In this study, log-linear models discriminating between maternal genotype and child genotype effects revealed a possible maternal imprinting effect for multiple SNPs in PAX7 and PAX3. Estimates of maternal genotype effects were generally non-significant for the 19 SNPs in PAX7 and PAX3, except for a single SNP (rs1367414). Genomic imprinting is defined as the differential expression of alleles depending on parent-of-origin.39 A common feature of imprinted genes is DNA sequence carrying a gametic methylation imprint, known as gametic DMR (Differentially DNA-Methylated Region).40 Parental allele-specific DNA methylation has been found at most imprinted clusters examined thus far. For example, the IGF2 cluster has a gametic DMR located 2 kb upstream from the H19 nc RNA promoter, which is methylated only in the paternal gamete and is maintained thereafter in all somatic tissues.41 Kurmasheva et al42 suggested PAX3 gene methylation may be correlated with gene inactivation.
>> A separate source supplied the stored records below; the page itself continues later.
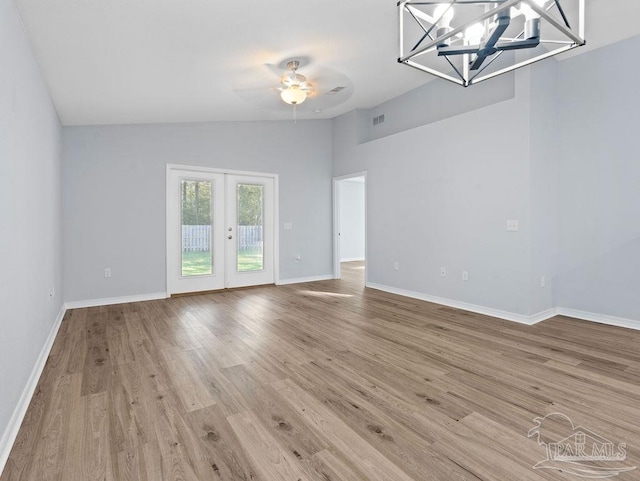 empty room featuring light wood-style floors, lofted ceiling, french doors, and visible vents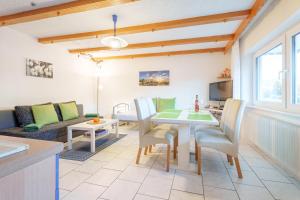 a living room with a table and chairs and a couch at Ferienwohnung Martin Lehmann in Oberharmersbach +22 photos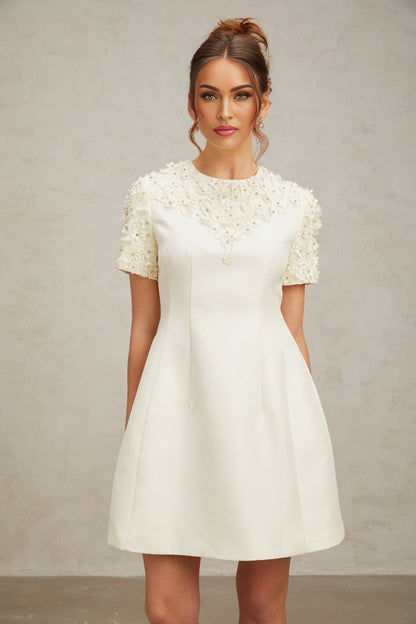 A short white mini dress with colorful floral applique designs scattered across the fabric featuring a fitted bodice and flared skirt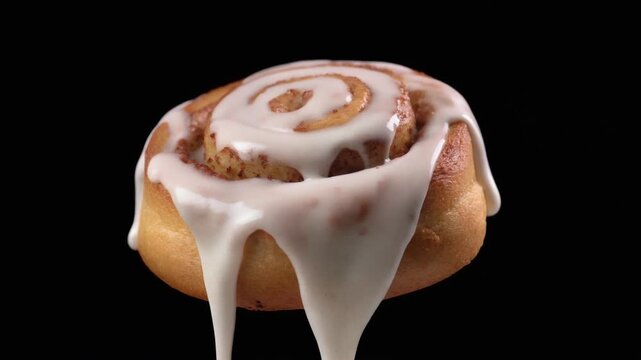 Icing melting into a cinnamon roll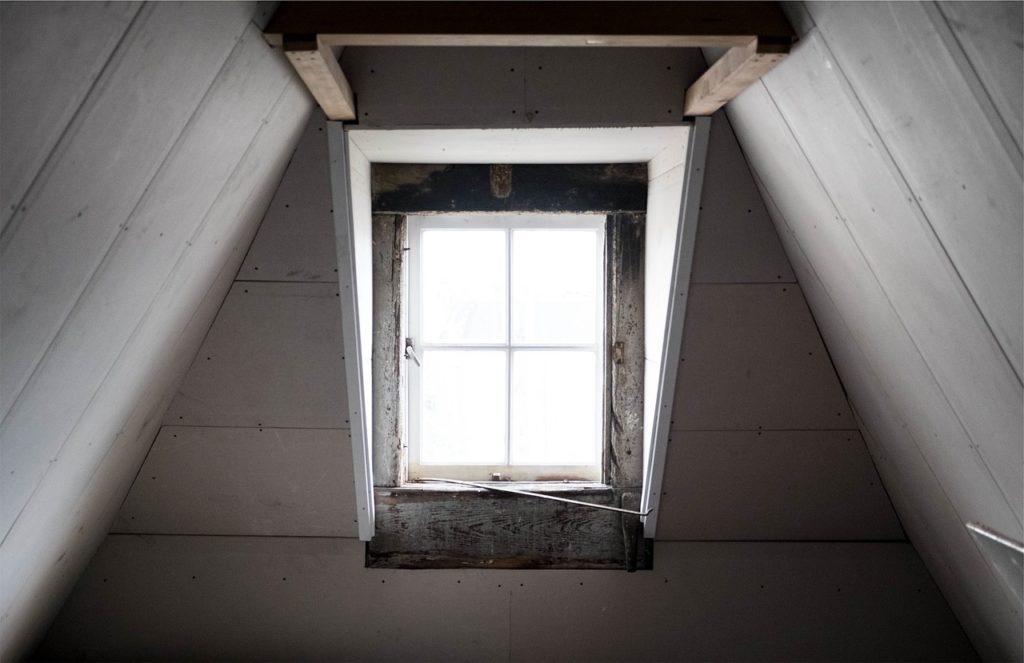 Inspecting the attic space with window 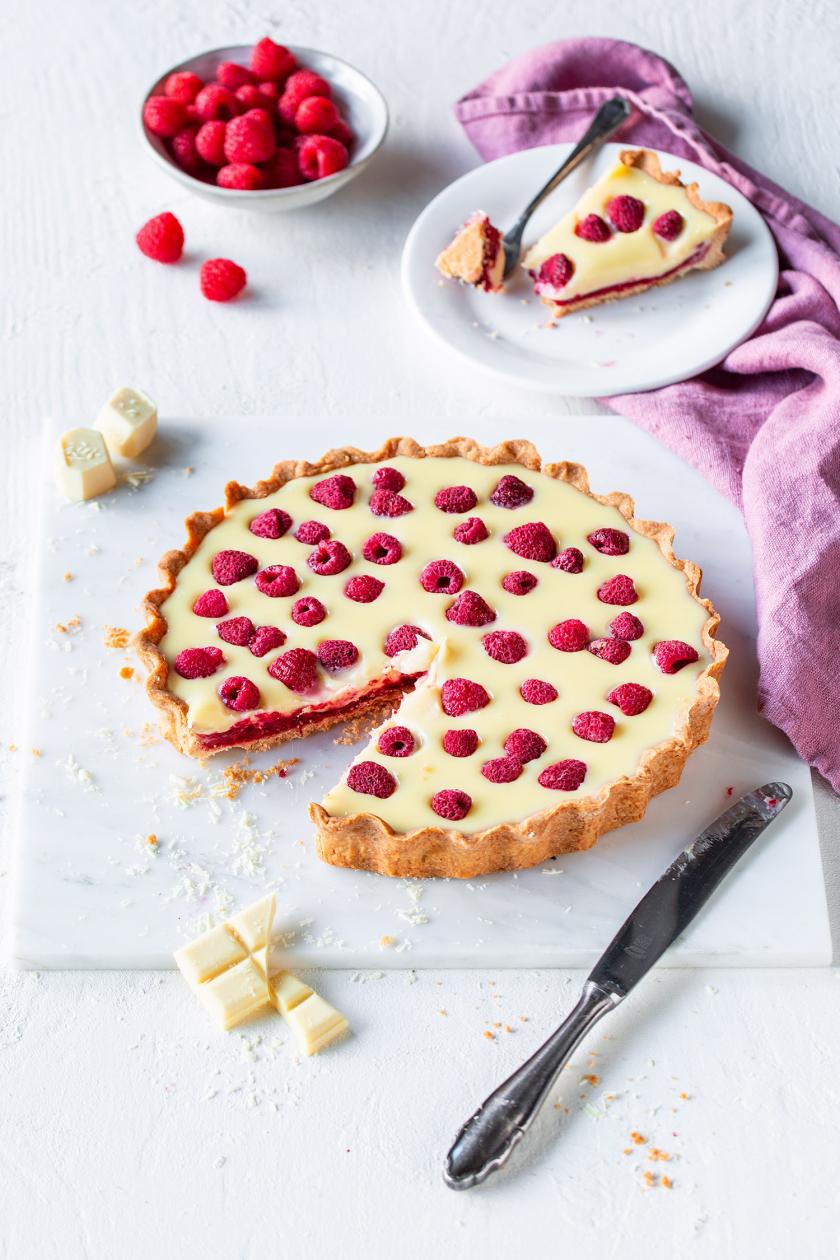 Himbeertarte mit weißer Schokolade angeschnitten auf einer Kuchenplatte mit angelegtem Messer.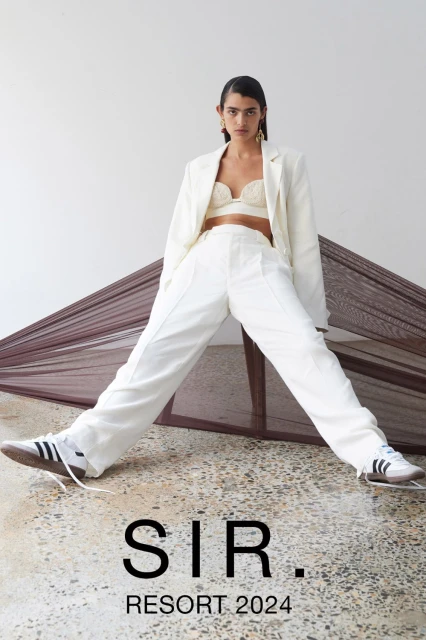 Woman poses in a white blazer, crop top, and wide-leg pants, with Adidas sneakers, in a fashion editorial with a draped backdrop.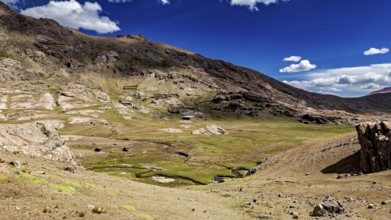Vast, mountainous landscape under a clear blue sky with white clouds, The landscape near Potosi in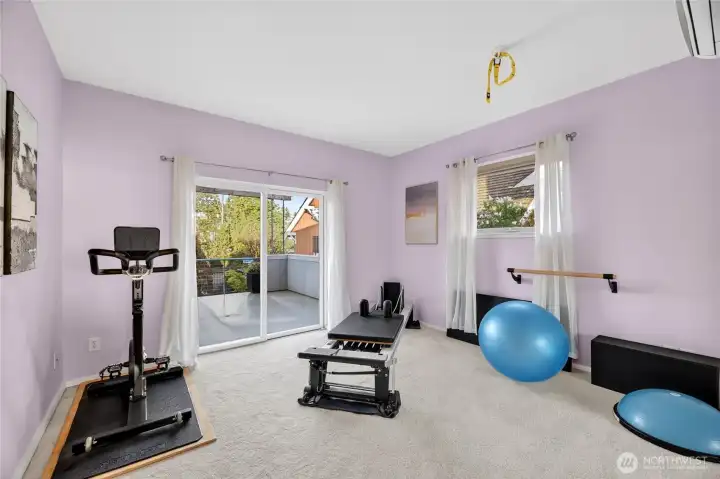 The second east-facing bedroom, also opening to the patio via sliding doors, is currently used as an exercise room.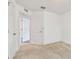 Bright bedroom featuring plush carpet, white trim, and multiple doorways at 11837 Thicket Wood Dr, Riverview, FL 33579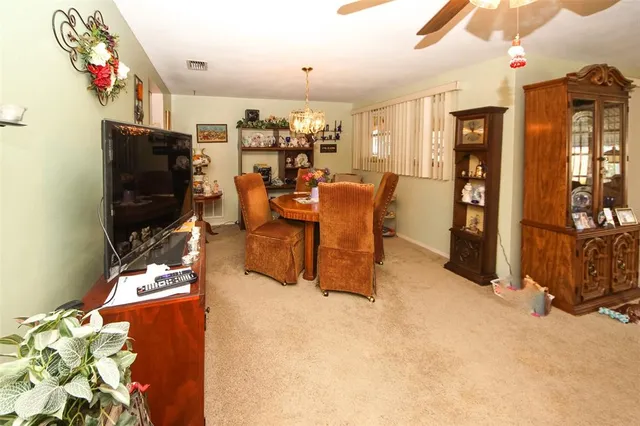 a living room with fireplace furniture and a flat screen tv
In a variety of animal species, maternal transcripts and proteins control early embryonic development in the developing oocyte.43 In the leech Helobdella, Woodruff et al44 found that Hau-Pax3/7A is present as a maternal transcript in both ectodermal and mesodermal progenitor cells. They suggested Hau-Pax3/7A plays an important role in mesoderm development. Helobdella embryos receive a large contribution of maternal Hau-Pax3/7A RNA, but its function remains unknown.44

Many congenital anomalies occur more often in one gender. Males are more often affected with CL/P than females.19, 20 Rittler et al20 reported that infants with CL/P were more frequently female when the father was older, and among CL cases, this shift in sex ratio was highly significant. In our results from markers in PAX7 and PAX3 genes, boys showed stronger evidence of possible imprinting than female cases.
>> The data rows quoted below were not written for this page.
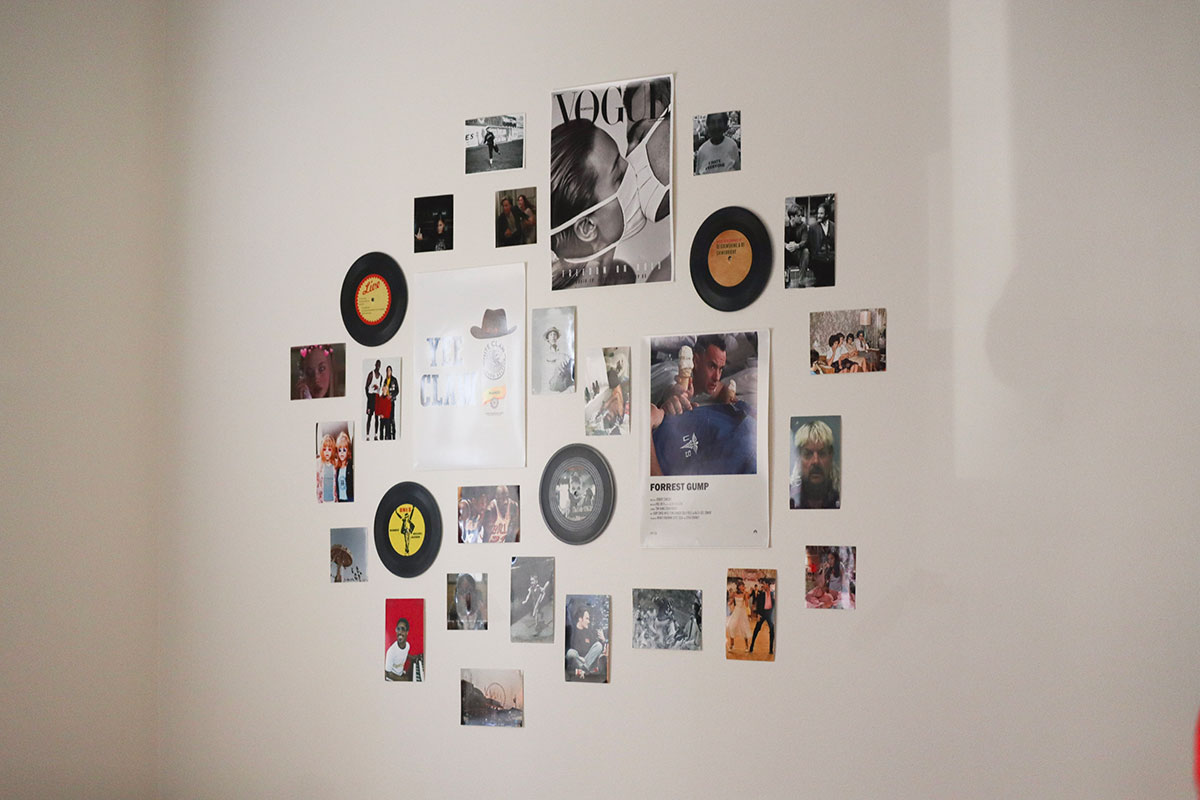 A collage of pictures, vinyl records and posters on the wall. 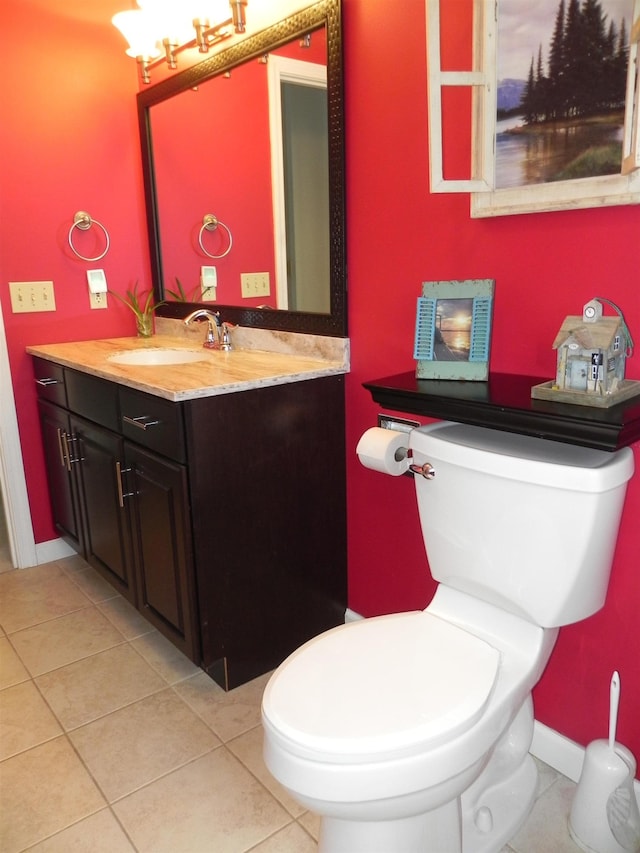 bathroom featuring toilet, tile patterned flooring, and vanity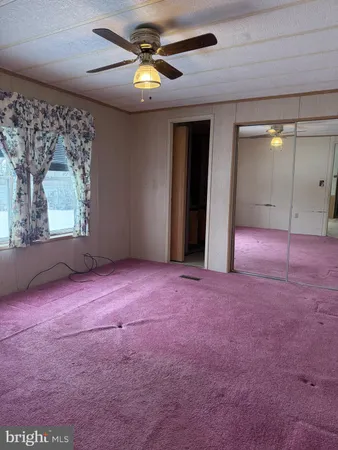 an empty room with windows and ceiling fan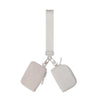 A light beige nylon zipper wristlet pouch with a strap and attached to a keyring.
Even though this candidate gene study involved a modest number of SNPs in each gene, addressing the issue of multiple comparisons is necessary before an overall statement about the significance of our findings can be made. Here we relied on a hypothesis-driven approach for single SNP analysis and haplotype-based test statistics. SNPs in strong LD typically have highly correlated P-values, adjusting significance levels through Bonferroni correction is overly conservative. Therefore, following the strategy in Sull et al,45 we adjusted empirical P-values for the number of LD blocks rather than the number of SNPs. In this study, we have 10 LD blocks in these four genes (three forPAX7, three for PAX3, two for PAX6, and two for PAX9). In the second block with two SNPs in PAX7 gene (as shown in Table 4), we found evidence against the null hypothesis only for maternal transmission (the empirical P-value of 0.006 would still be marginally significant after correcting for the number of LD blocks). We also used haplotype-based test statistics based on permutation analysis of case–parent trio data. Salyakina et al46 argue that permutation tests are generally preferred over adjustments of asymptotic P-values based on the estimated correlation structure among multiple markers or on conventional Bonferroni adjustment (which can be too conservative).47 The case–parent trio design offers the advantage of testing directly for maternal versus paternal effects, and allows separating these from effects of the fetal genotype versus parental origin in a robust manner.26, 48 Another advantage of this design is that it minimizes confounding that plagues traditional case–control designs. This permits pooling trios from four diverse populations into a combined test of allelic effects on OR(transmission), while testing for parent-of-origin effects. The present study showed excess maternal transmission of markers in PAX7 and PAX3, suggesting that these genes may influence the risk of CL/P, possibly through imprinting. Independent confirmation is still needed to determine the ultimate impact of these PAX genes on risk to CL/P.